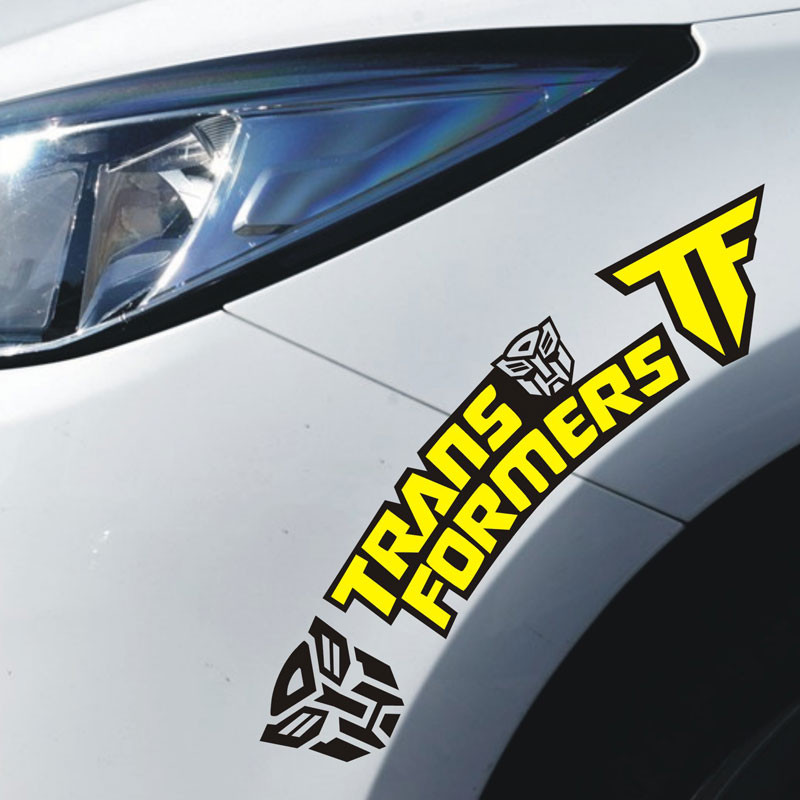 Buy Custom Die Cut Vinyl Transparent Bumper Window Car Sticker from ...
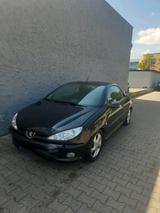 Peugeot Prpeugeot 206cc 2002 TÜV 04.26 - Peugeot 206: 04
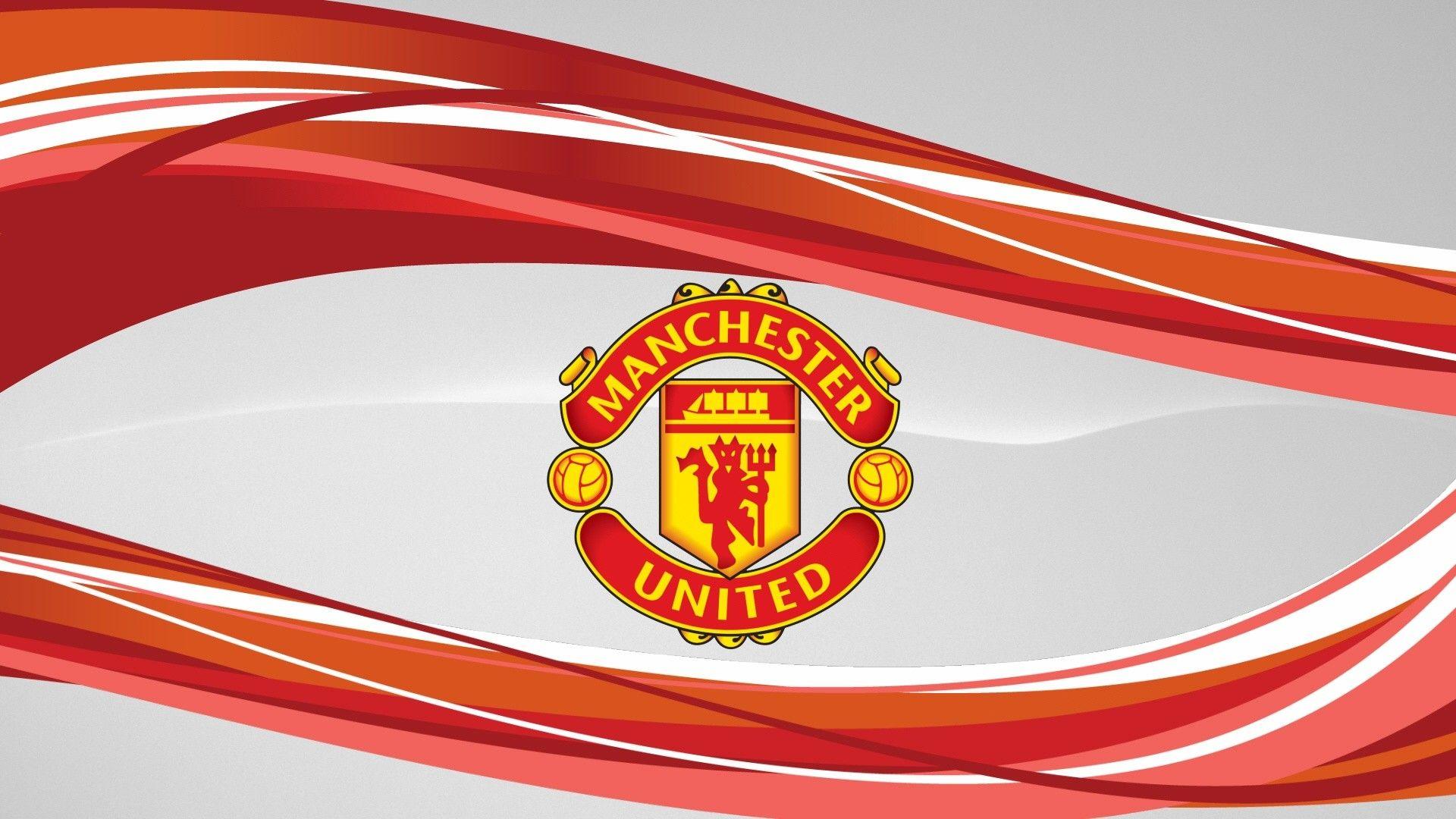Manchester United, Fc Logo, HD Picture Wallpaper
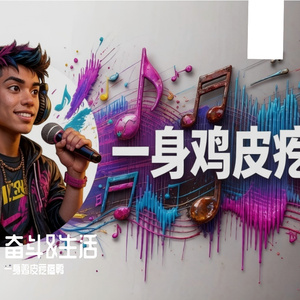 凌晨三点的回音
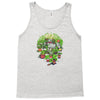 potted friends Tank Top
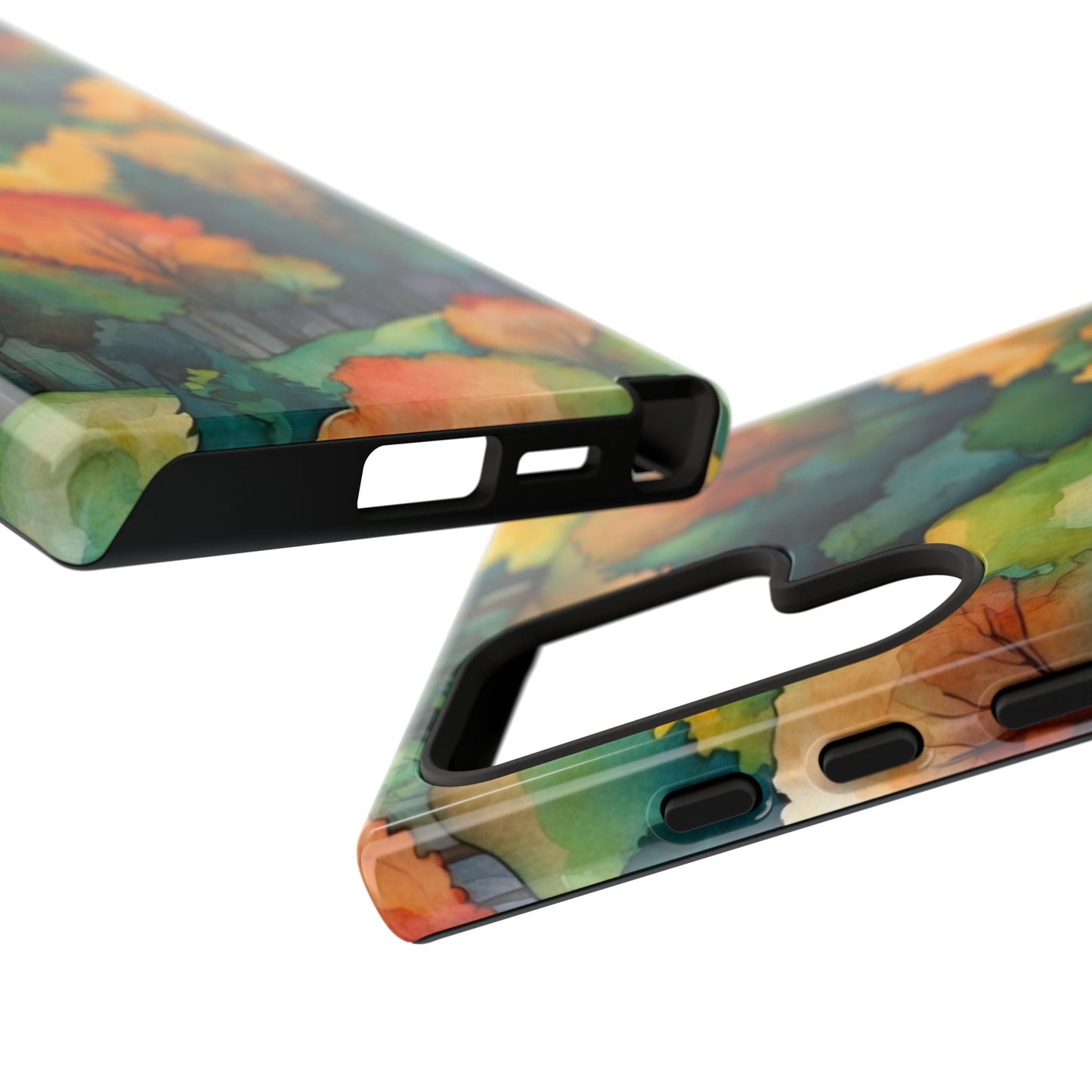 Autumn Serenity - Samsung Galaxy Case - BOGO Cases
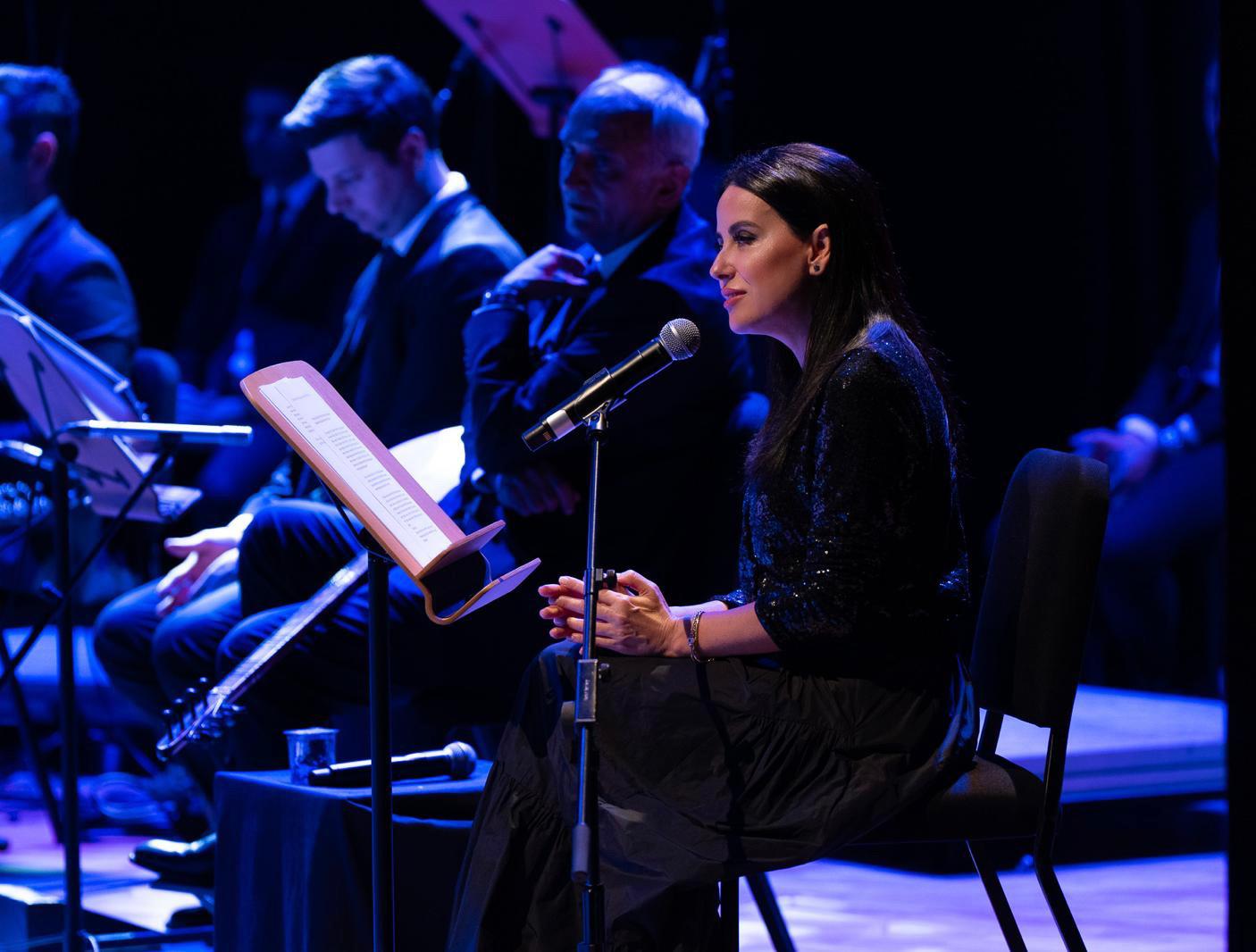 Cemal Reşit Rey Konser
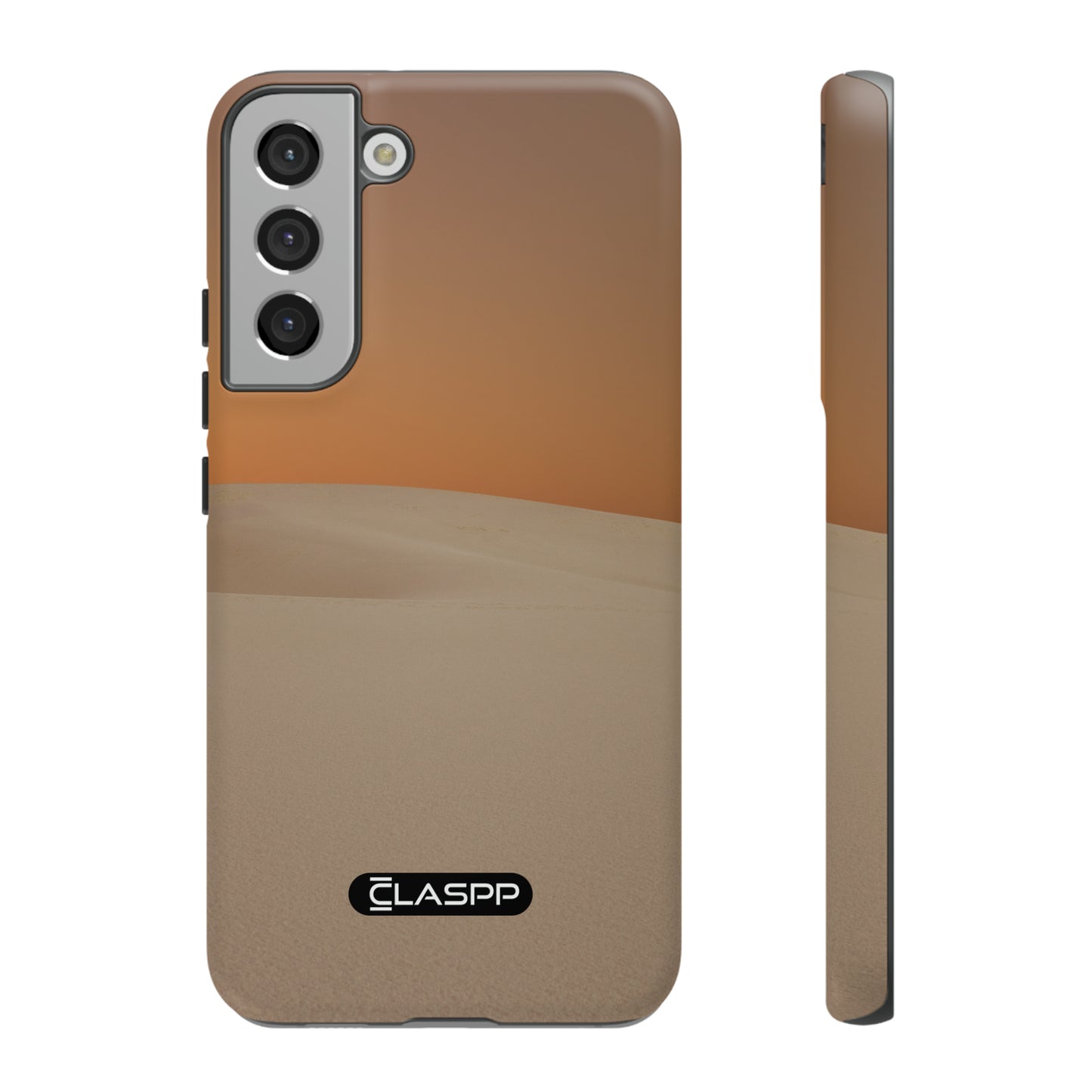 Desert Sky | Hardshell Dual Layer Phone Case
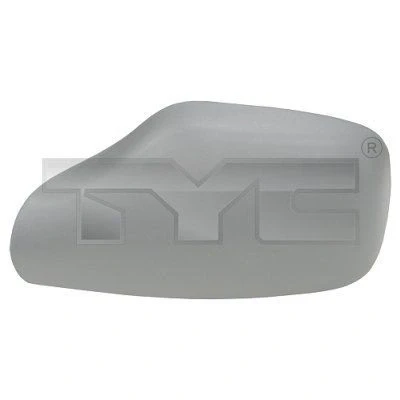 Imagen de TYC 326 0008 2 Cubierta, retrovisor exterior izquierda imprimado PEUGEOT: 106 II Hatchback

[What to do]: Transcribe all data precisely. Pictures are not copied.

[Output of the task]:
 Buy Custom Die Cut Vinyl Transparent Bumper Window Car Sticker from ...
 Peugeot Prpeugeot 206cc 2002 TÜV 04.26 - Peugeot 206: 04
Manchester United, Fc Logo, HD Picture Wallpaper
 凌晨三点的回音
 potted friends Tank Top
 Autumn Serenity - Samsung Galaxy Case - BOGO Cases
 Cemal Reşit Rey Konser
 Desert Sky | Hardshell Dual Layer Phone Case
 Imagen de TYC 326 0008 2 Cubierta, retrovisor exterior izquierda imprimado PEUGEOT: 106 II Hatchback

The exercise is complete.